Revision as of 10:07, 16 July 2020

Background

Mechanism of action

  • Inhibits cross-linking of peptidoglycans in the cell wall

Pharmacodynamics

  • Efficacy predicted by AUC to MIC ratio

Indications

  • Suspected or confirmed MRSA

Dosing

  • Common dose
    • Loading dose of 20 mg/kg given once for serious infections
    • 15 mg/kg/dose with timing based on renal function (q12h if normal)
    • Titrate based on monitoring parameters (below)
    • Adjustments assume linear pharmacokinetics,so a doubling of the daily dose, for example, should double the trough or AUC:MIC

Obesity

  • Dosing should use actual body weight, with a maximum loading dose of 3 g

Monitoring

  • Based on PK/PD modelling, the trough level was previously used to dose vancomycin
    • Serum trough drawn within hour before fourth dose
    • 10-15 for low-risk infections
    • 15-20 for high-risk Staphylococcus aureus infections such as osteomyelitis, meningitis, and bacteremia
  • Current guidelines recommend AUC:MIC monitoring using Bayesian calculators1

Adverse Reactions

Renal Failures

  • Risk factors
    • Prolonged courses >21 days
    • Higher trough
    • Concomitant nephrotoxic medication
    • Older age
    • CKD/AKI
    • Liver disease
    • Peritonitis
    • Neutropenia
    • Male sex
  • Mechanism of injury: oxidative stress in the proximal tubular cells

Red Person Syndrome

  • Rash, pruritis, and hypotension, with onset of vancomycin, resolves on stopping
  • Very high incidence previously
  • Histamine-mediated
  • Can decrease dose or prolong infusion, prophylactic antihistamines

References

  1. ^  Michael J Rybak, Jennifer Le, Thomas P Lodise, Donald P Levine, John S Bradley, Catherine Liu, Bruce A Mueller, Manjunath P Pai, Annie Wong-Beringer, John C Rotschafer, Keith A Rodvold, Holly D Maples, Benjamin M Lomaestro.
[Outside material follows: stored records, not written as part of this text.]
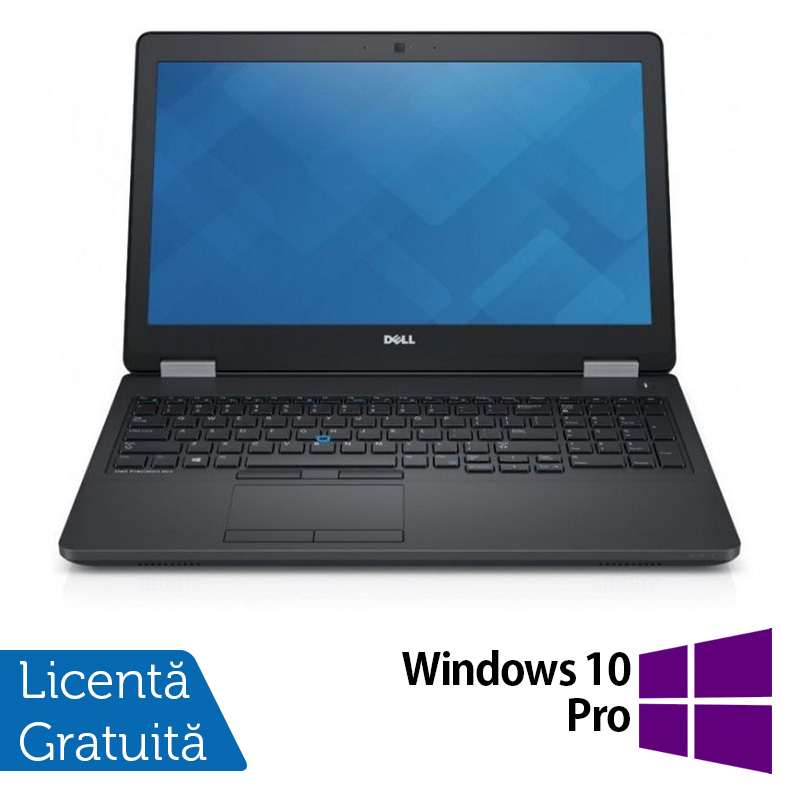 Laptop Dell Precision 3510, Intel Core i7-6700HQ 2.60GHz, 16GB DDR4, 240GB SSD, Full HD, Webcam, 15.6 Inch + Windows 10 Pro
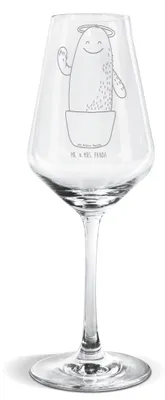 Produktbild von Mr. & Mrs. Panda Weinglas Kaktus Heilig - Transparent - Geschenk, wein glas, Weißweinkelch, Kakteen, Schwestern, Weißwein Kelch, Lustig, Schwester, Familie, Bruder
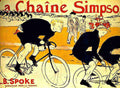 Toulouse Lautrec The Chain Simpson A4 Photo Print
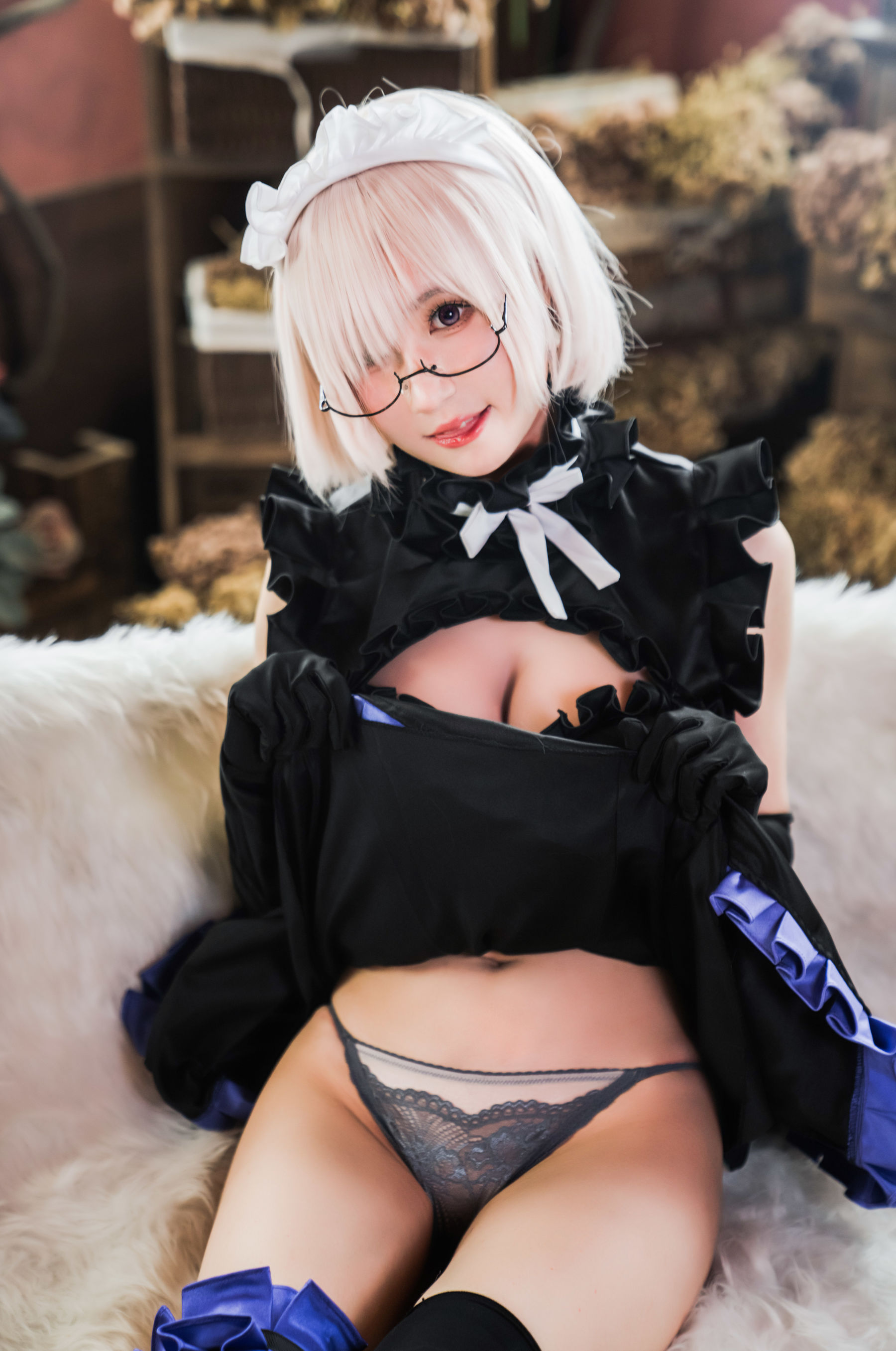 [福利COS] 西园寺南歌写真 - 玛修女仆第10张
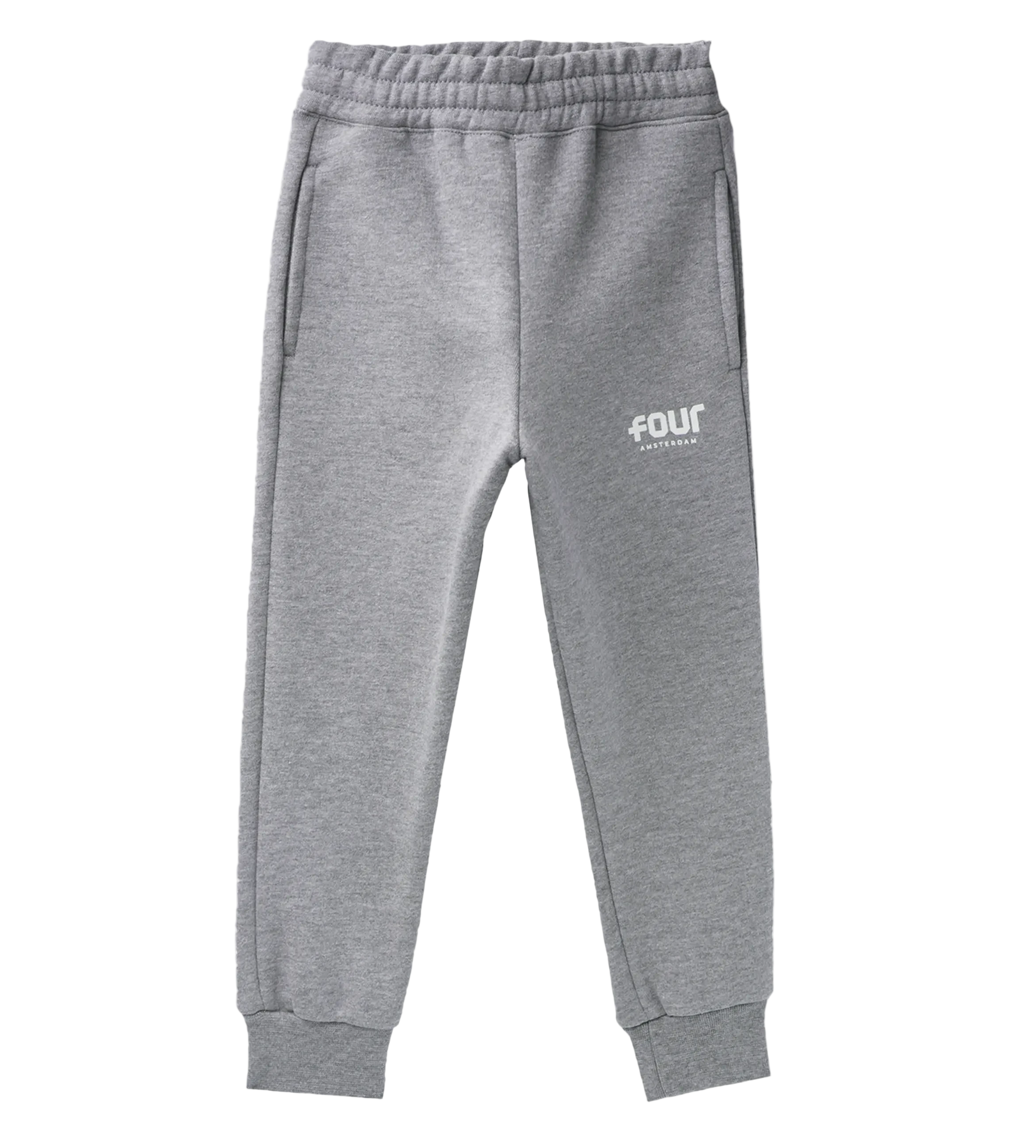 Logo joggingbroek grijs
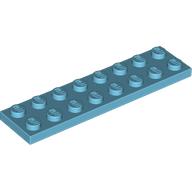 LEGO® los onderdeel Plaat Algemeen Medium Azuurblauw 3034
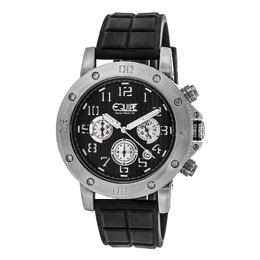Equipe Tritium Arciform Chronograph Black Dial Mens Watch ET407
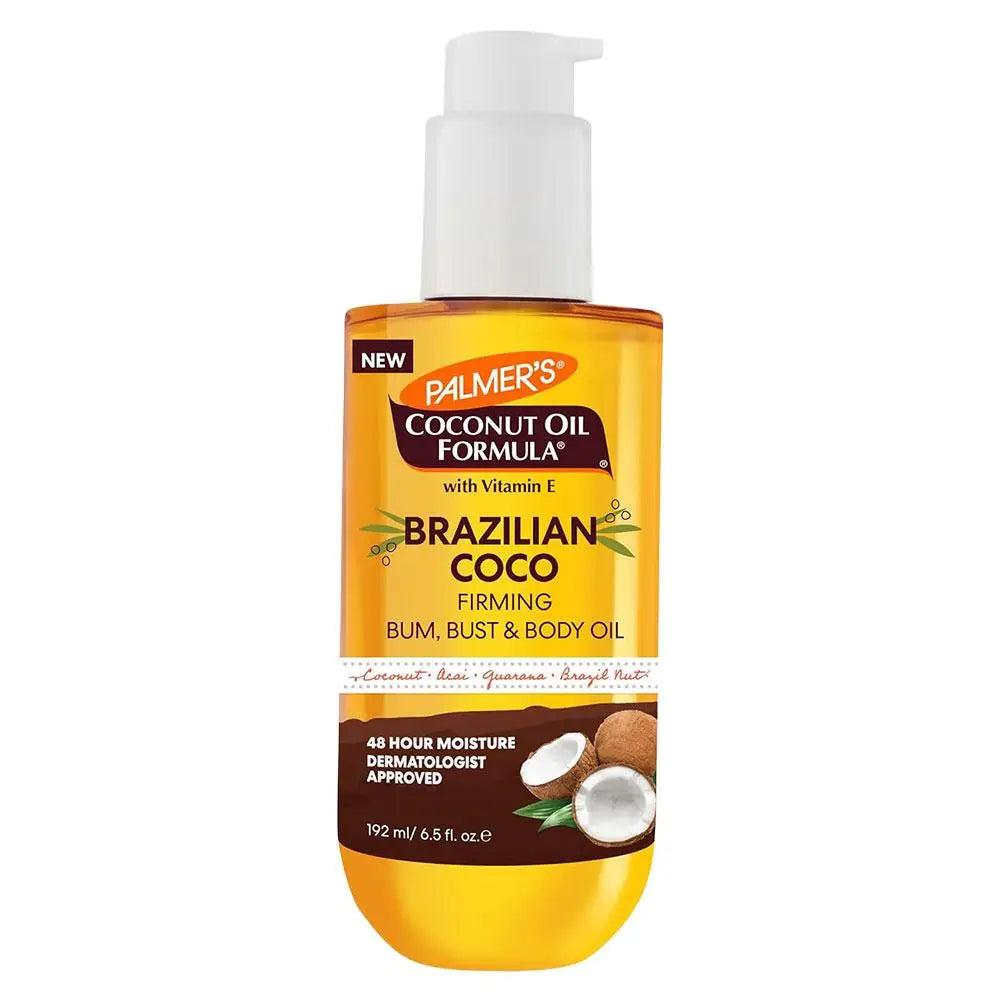 Brazilian Organic Coconut & Vanilla Firming Body Oil 192ml Firming Body Oil Zpaxo coconut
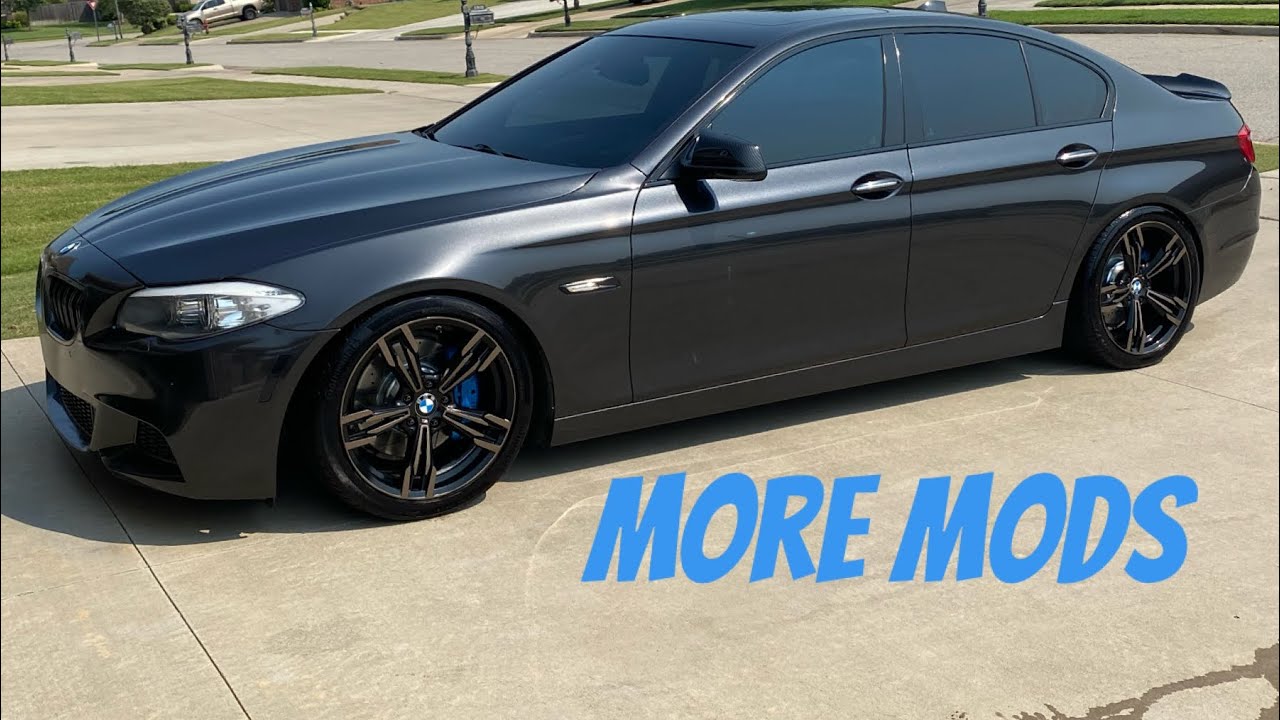 BMW F10 12.3” Android Head Unit Upgrade + Interior Mods Overview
Therapeutic monitoring of vancomycin for serious methicillin-resistant Staphylococcus aureus infections: A revised consensus guideline and review by the American Society of Health-System Pharmacists, the Infectious Diseases Society of America, the Pediatric Infectious Diseases Society, and the Society of Infectious Diseases Pharmacists. American Journal of Health-System Pharmacy. 2020. doi:10.1093/ajhp/zxaa036.